Among these accomplishments, the PRI has a convoluted political record. This is the party that nationalized oil in 1936, but also ratified the North American Free Trade Agreement in 1994. It defended labor disputes throughout the 1940s, only to smash similar movements in the 50s and 60s. The country experienced a generation of high growth rates under the PRI. It also went into economic depression during the 80s.
Throughout this time, it is fair to argue that one constant feature of the one party system was corruption. But again, the extent that corrupt practices had on democratic institutions vary depending on what time period is being examined.

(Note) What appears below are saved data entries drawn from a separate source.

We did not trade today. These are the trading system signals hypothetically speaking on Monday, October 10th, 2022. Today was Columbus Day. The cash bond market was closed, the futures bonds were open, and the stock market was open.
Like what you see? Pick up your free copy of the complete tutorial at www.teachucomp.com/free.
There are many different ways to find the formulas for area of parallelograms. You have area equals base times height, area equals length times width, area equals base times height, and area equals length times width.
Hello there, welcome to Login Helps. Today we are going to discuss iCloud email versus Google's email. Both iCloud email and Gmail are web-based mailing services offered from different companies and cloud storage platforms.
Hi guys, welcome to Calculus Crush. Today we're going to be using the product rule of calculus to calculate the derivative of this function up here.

As the country became more economically technocratic in the 50s, the relationship between business and government became uncomfortably close. While the party was enhancing its social institutions, many of its members were also curiously getting rich off of some of the policies. Things went from bad to worse during the next couple decades. The authoritative depiction of the party that many journalists offer stem from the 1988 presidential elections, in which the PRI blatantly rigged to come out ahead of the opposition. It should be noted that corruption did not vanish with the PRI, and is still a serious problem in Mexico to this day.

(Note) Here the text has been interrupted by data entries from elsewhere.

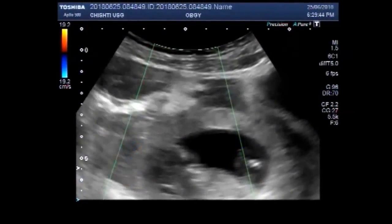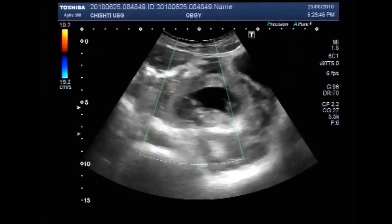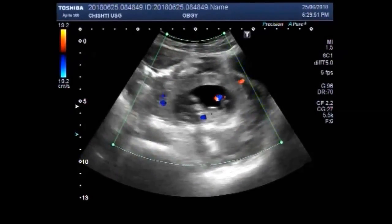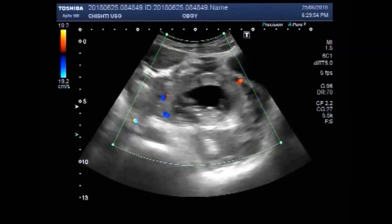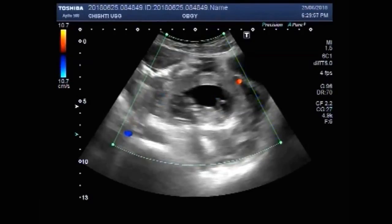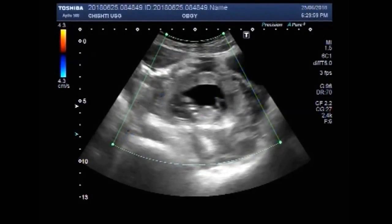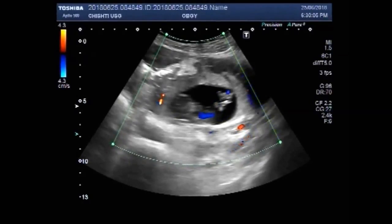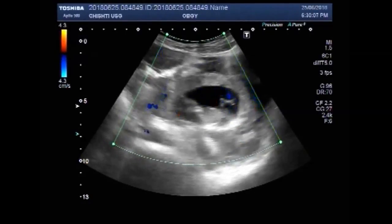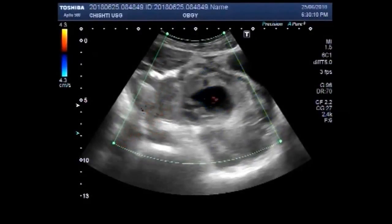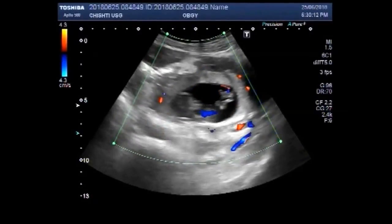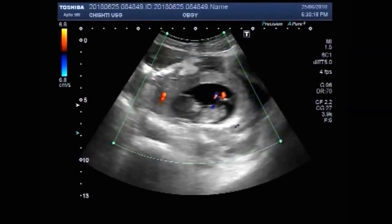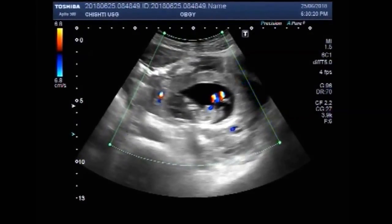You can see the blood flow. Blood flow is also seen inside the fetus. You can see the blood flow.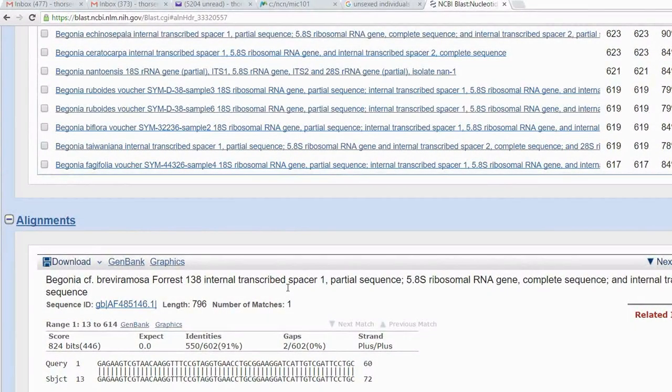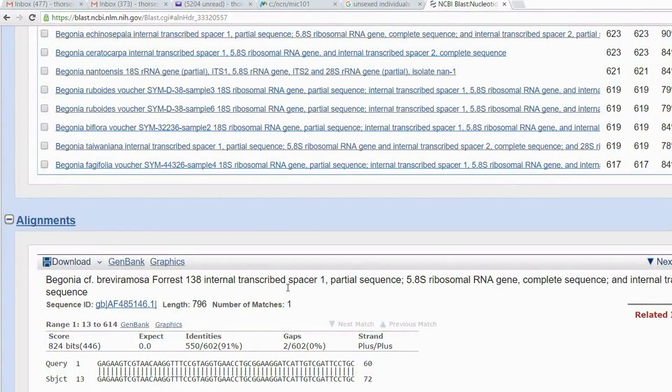Shows the sequences in the database which are similar to the sequence. And then they show the similarity. So, the similarity is 91%. This is how you can do this. So, this is GenBank.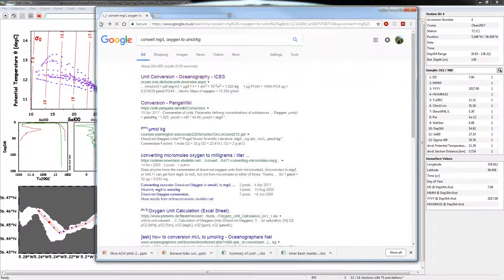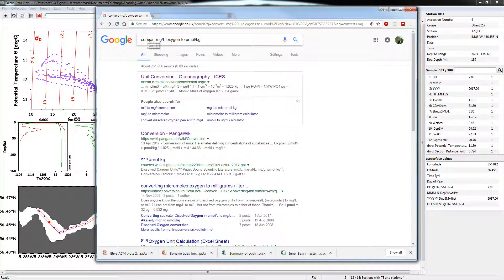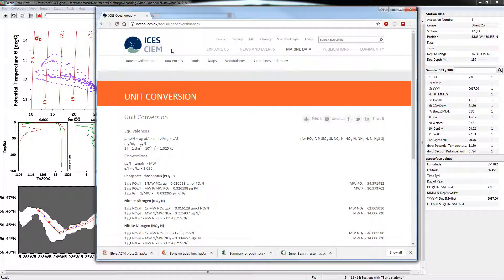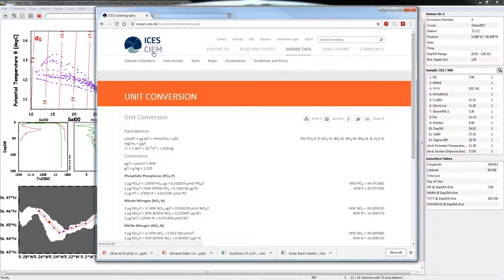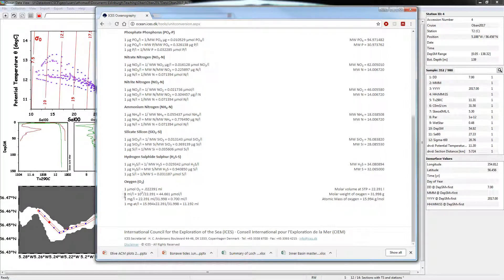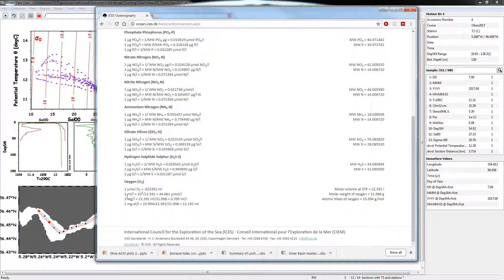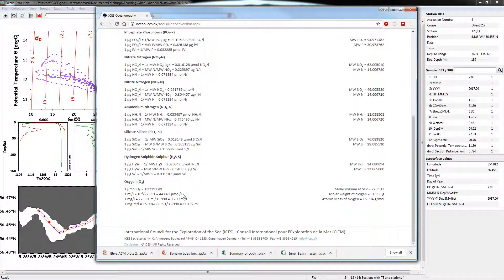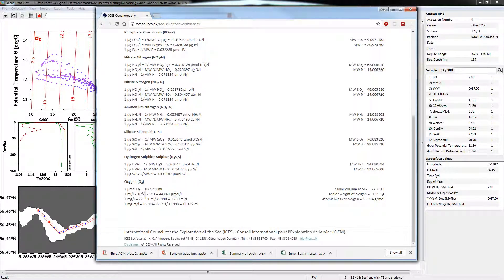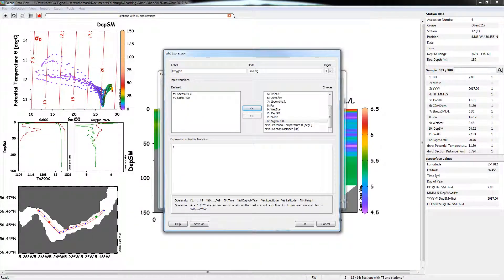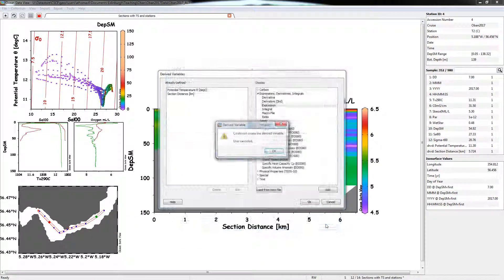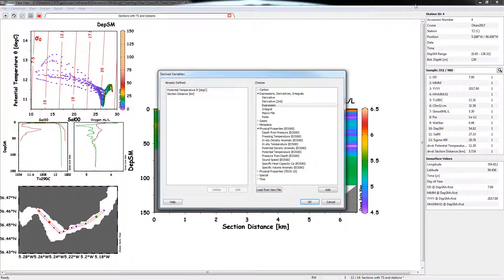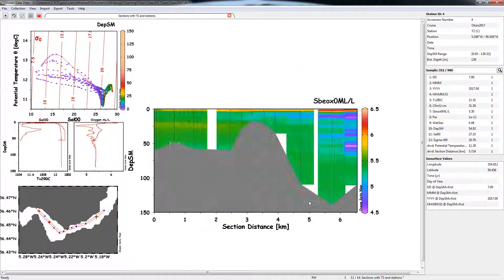So I went to the internet here, and basically I googled convert oxygen to micromoles per kilogram there. And I found this website here, the ICES CIEM, whatever that is, but looks fairly legit. And down at the bottom here we can see if we've got milliliters per liter, to convert that one milliliter per liter of oxygen is 44.661 micromoles per liter. So we just need to times our value by that. But we also need to think about converting it into kilograms. So we need to know the density of the water as well. So if we go back to Ocean Data View.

These are just a few examples of how the historical foundations and decisions made under the PRI are more complex than contemporary historiography makes it out to be. Framing the current state of the PRI as a continuation of the old regime is very provocative and adds a twist to the election. However, Mexico is in a very different place than it was 12 years ago. The institutions that kept the PRI in power in the past have evaporated, and Peña Nieto will need to rely on winning the popular vote in order to win the election.
If he were to succeed, he would be replacing Felipe Calderón and the National Action Party (PAN). Calderón’s presidency has left Mexicans demanding change due to the consequences of the policies enacted by his administration. The cornerstone of the Calderón presidency has been the war he launched on organized crime in 2006. Since then, 60,000 people have been killed due to drug-related violence. Furthermore, many of Calderón’s attempts to reduce poverty have failed, leaving more than half of Mexicans at, or below, the poverty line. While the country has succeeded in emerging from the global recession, it remains in fiscal deficit and has exhibited inconsistent growth patterns.
Peña Nieto seeks to fill this void by taking a very centrist stance between the PAN, a traditionally conservative party, and the leftist Party of Democratic Revolution (PRD). His plans include liberalizing the energy sector to lower the cost of living while making reforms to raise wages in the service sector. To combat crime, Peña Nieto plans to add to federal forces and pass reforms to contribute to reduce the lure of drug trafficking.
A few months ago, polls indicated Peña Nieto leading his contenders by double-digits. However, his uncomfortably close relationship with Mexico’s leading broadcasting network Televisa and a student-led movement against him have narrowed the gap between Peña Nieto and the PRD’s candidate Andrés Manuel López Obrador.
But even with these shortcomings, it is very likely that the PRI will return to power after voters go to the polls in July. As international observers continue to commentate on the election, they should avoid spelling out doom and begin looking at the how shift in power will change Mexico’s current turbulent path.